AgentSkillsCN

deadfish-verify

验证协议、评分标准、结果判定格式。

SKILL.md
--- frontmatter
name: deadfish-verify
description: Verification protocol, criteria rubric, verdict format.

deadfish-verify — Verification Protocol

Order of Operations

  1. Deterministic gate (verify.sh) — always first
  2. LLM criteria fan-out — only if DET passes
  3. Aggregate (build-verdict.py)

verify.sh

bash
bash bin/verify.sh --project-dir <path> --task-file <task.md>

Checks: tests, linter, diff budget (≤3x ESTIMATED_DIFF), blocked files, secrets, git clean. Output: structured JSON. Exit 0 always (result in JSON pass field).

Criteria Rubric (for LLM-tagged ACs)

Three levels — ALL must pass:

  • EXISTS: Artifact appears in the diff
  • SUBSTANTIVE: Real code, not TODO/stub/placeholder
  • WIRED: Connected into the system (import/export/route/config/DI/CLI)

Bias

False negatives are acceptable. False positives are expensive.
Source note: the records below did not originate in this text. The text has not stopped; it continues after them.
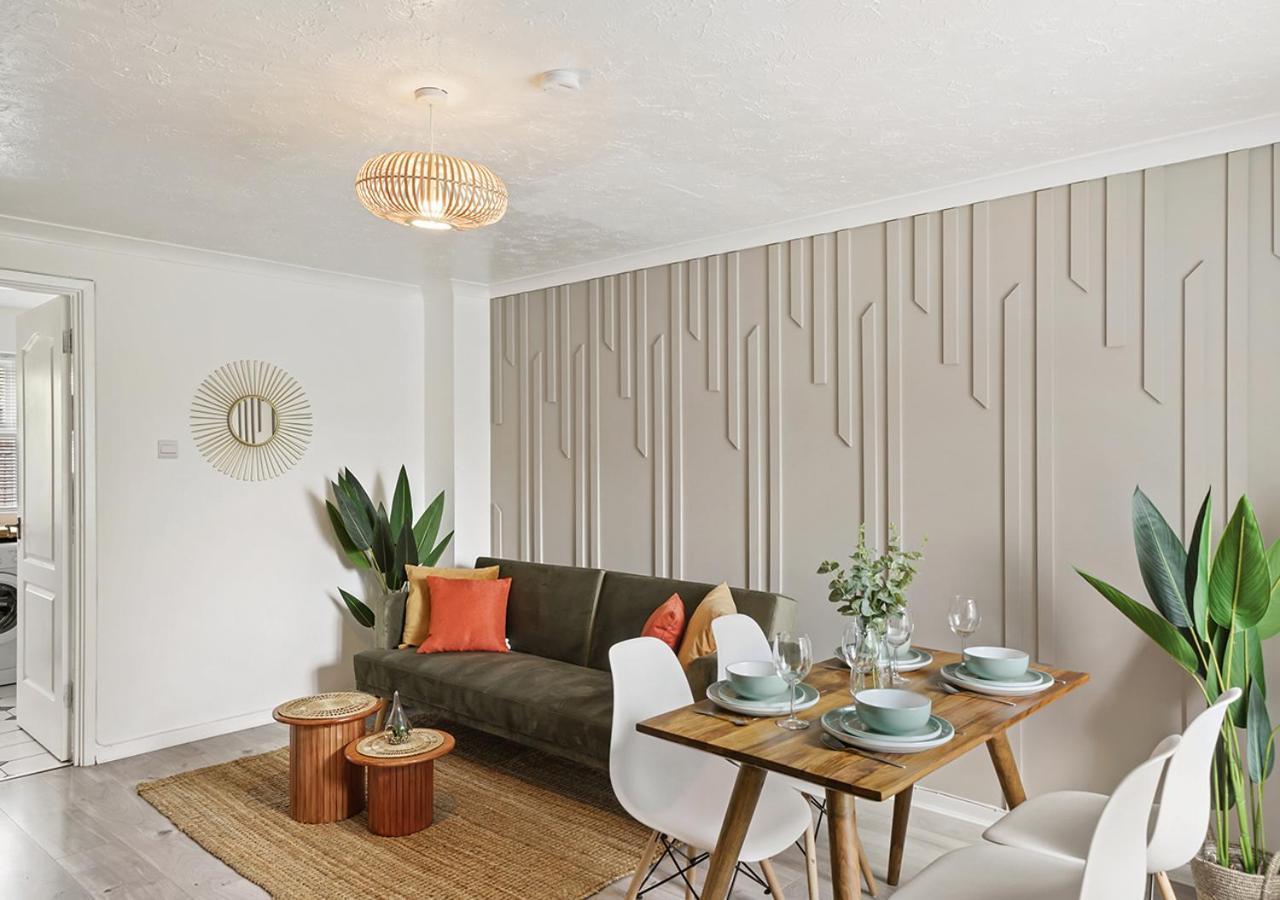 East London House Near Tube With Parking Villa Екстериор снимка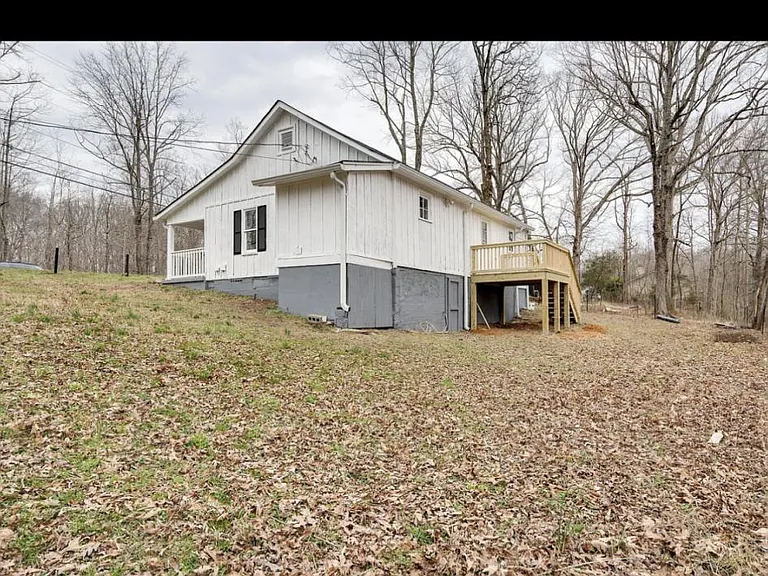 2659 Old Clarksville Pike — Photo 9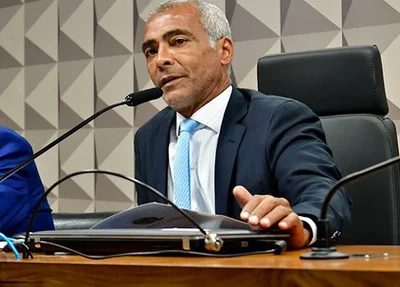 O senador Romário Faria recebeu alta médica após passar 13 dias internado em hospital do Rio de Janeiro
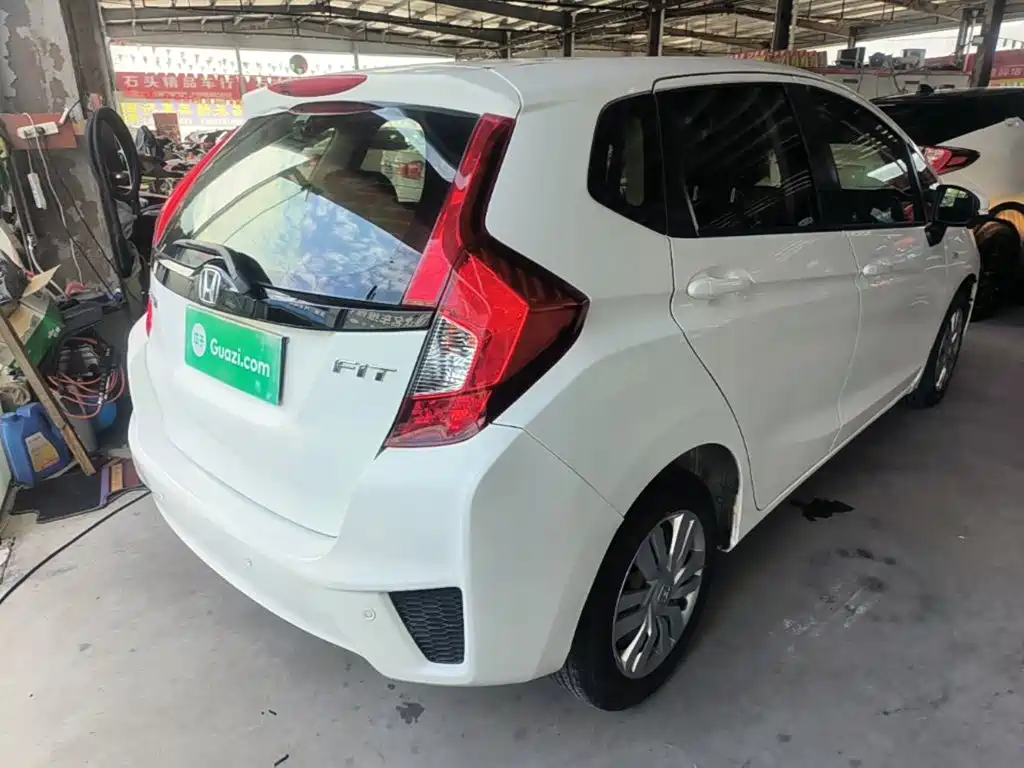 Honda Fit — миниатюра 7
If uncertain: FAIL.

Verdict Sentinel

code
```deadfish:VERDICT
scope: TASK
task_id: auth-P1-T02
verify_sh: PASS
criteria:
  - id: AC-01
    status: PASS
    evidence: "src/auth/jwt.ts exports generateToken, imported in src/auth/index.ts"
  - id: AC-03
    status: FAIL
    evidence: "no error handling for expired tokens"
decision: FAIL
fix_forward:
  - "Add try/catch in jwt.ts:generateToken for TokenExpiredError"
```

Build Verdict Aggregation

bash
echo "$verdicts_json" | python3 bin/build-verdict.py

Output: PASS (all YES) | FAIL (any NO) | NEEDS_HUMAN (parse error)

Track-Level QA (P10)

6 categories: C0 Scope, C1 Docs, C2 Consistency, C3 Architecture, C4 Completeness, C5 Safety. Never set C*=FAIL without ≥1 MAJOR+ finding (R2 rule).